Our observability stack currently runs on a series of EC2 nodes. In an effort to improve scalability and management of the various components for Grafana we are moving to deploy this via Kubernetes
Stateful vs Stateless
One prominent question that I wanted to visit was the idea of managing Grafana resources statefully vs stateless. While I do prefer the stateless strategy here (managing alerts, dashboards other resources in code versus using storage, and because everything is in code we only need to worry about storage for our metrics/logging data), I believe the goal for this stack down the road is to enable teams to set their own alerting and dashboards.
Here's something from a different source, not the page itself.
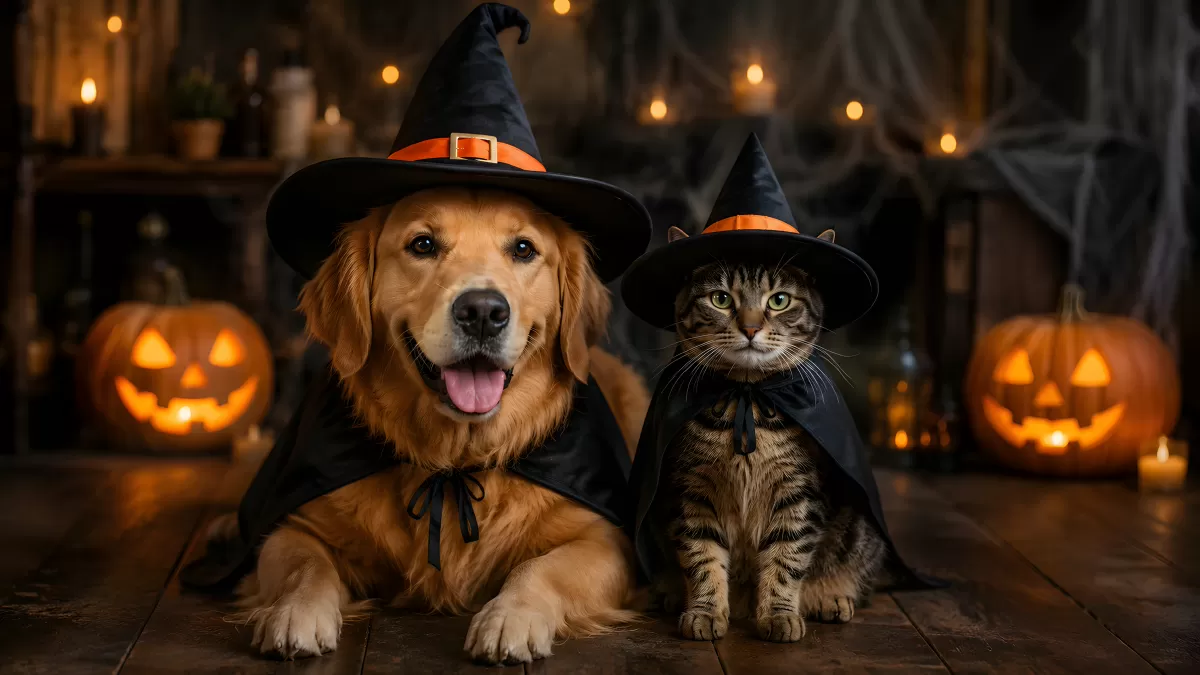 Golden Retriever und Katze in Hexenkostümen zu Halloween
With that, it would make more sense for teams to interact with the UI to make these changes.
Planning work
- Set up a testing environment for deploying and testing changes quick
- Deploy our stack on k8s (no data involved)
- Grafana OnCall
- Grafana Alerting
- Grafana Server
- VictoriaMetrics Operator
- Loki
- Mimir
- Grafana OnCall
- Migrate less-involved services to k8s first
-
Deploy and configure chart for k8s
-
Test data storage, backups and restore from backups
-
Migration from Prometheus alerts to Grafana alerts
-
Additional services to integrate in the future
- Synthetic testing w/ K6
-
Migrating Grafana and Oncall
The first services we decided to cut over was grafana and oncall. The current setup runs the services on ec2 nodes with a local sqlite3 database.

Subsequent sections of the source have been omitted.